Oldie, but …?
SchlusswORT VON WULF ROHWEDDER
Eigentlich hatte ich mit Musik-Festivals abgeschlossen: teuer, unpersönlich, durchkommerzialisiert, nur Stress – und die Gefahr, das aus frühen Bandtagen bereits vorgeschädigte Gehör weiter zu ruinieren. Aber dann kam diese Einladung eines ebenso sympathischen wie engagierten Veranstalters inklusive Backstage-Pass – da konnte man doch nicht Nein sagen, zumal das Line-Up zumindest zum Teil aus Schüler- und Studentenzeiten bekannt und geschätzt war.

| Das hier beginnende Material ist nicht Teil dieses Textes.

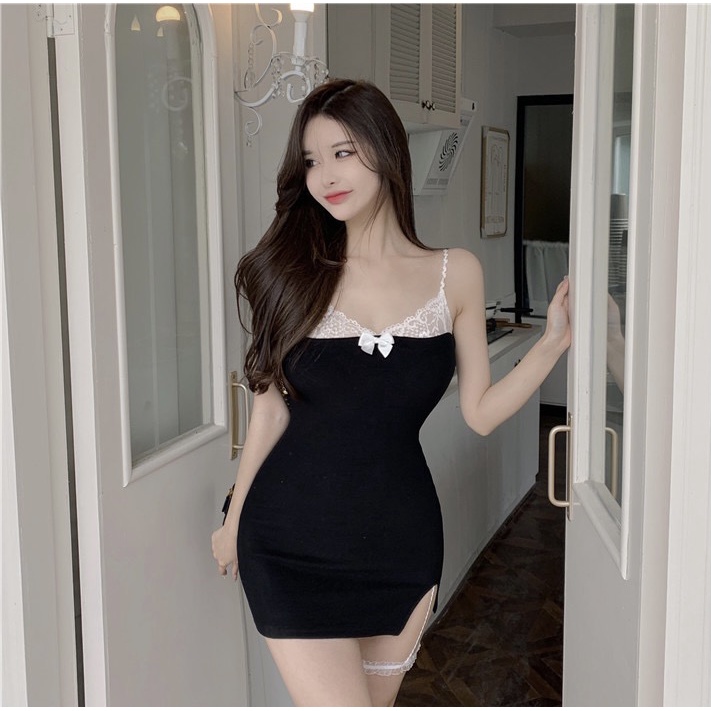 Dress Korea Murah Murah Dress Party Dress Terbuka Dress Seksi Dress Ketat Wanita Gaun Lucu Cute Sweet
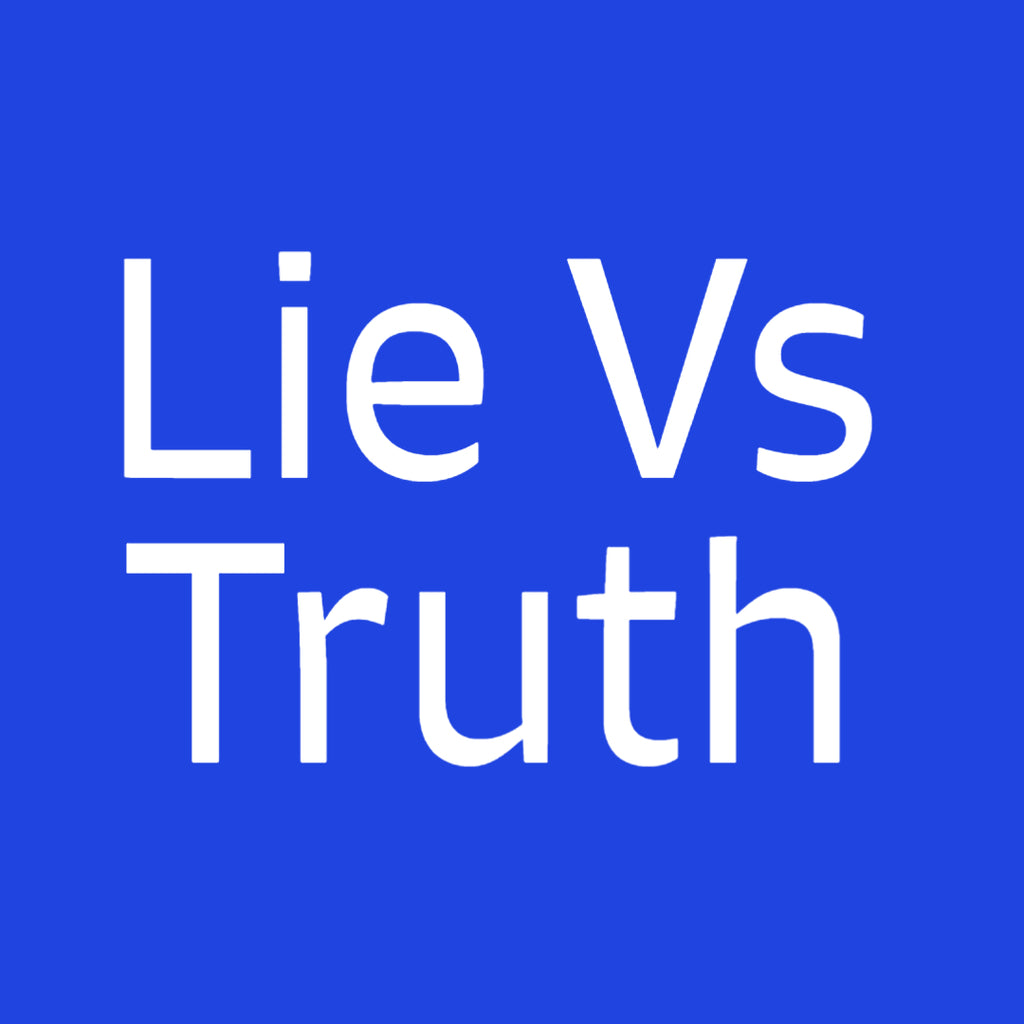 Lie Vs Truth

Hinter der Bühne traf ich einige ältere, gesetzte Herren, die sich sehr höflich und zurückhaltend gaben. Örtliche Würdenträger? Nein, eben jene standen kurz danach auf der Bühne, um ihr Rock-Hip Hop-Crossover zu performen. Ein verstohlener, schneller Blick bei Wikipedia verriet: Der Sänger arbeitet zwischenzeitlich als Fachanwalt für Vertrags-, Urheber-, Medien- und Markenrecht und sah auch so aus – wobei auch ein Großteil des Publikums durchaus gutbürgerliches Flair, nun ja, versprühte, wäre wohl das falsche Wort.
Nichtsdestotrotz: Die Show stimmte – mit geschlossenen Augen konnte man sie sich auch 1998 vorstellen. Ist das nun peinlich? Für Kinder und Enkel der Zuschauer vielleicht, wenn die Alten mal so die Sau rauslassen.
Und man ist schließlich immer nur so alt, wie man sich fühlt, oder? Zumindest in meinem Fall ist diese Aussage schwierig, da das gefühlte Alter je nach Tagesform und -zeit um mehrere Jahrzehnte variieren kann. Zudem denke ich, dass jemand, der nahtlos vom Berufsjugendtum in die Altersinfantilität übergeht, sich so manch wertvoller Lebenserfahrung beraubt.
Trotzdem hat jeder den einen oder anderen Ausflug in die Jugend verdient. Warum nicht auch die eigenen Helden aus dieser Zeit feiern – insbesondere, wenn diese beweisen, dass sie es nach wie vor draufhaben und nicht für Autohaus-Eröffnungen oder zweifelhafte Finanzprodukte werben müssen?
In diesem Sinne: Rock on – aber bitte vielleicht nicht ganz so laut. Und Interessierten kann ich für solche Gelegenheiten gern einen professionellen Gehörschutz empfehlen.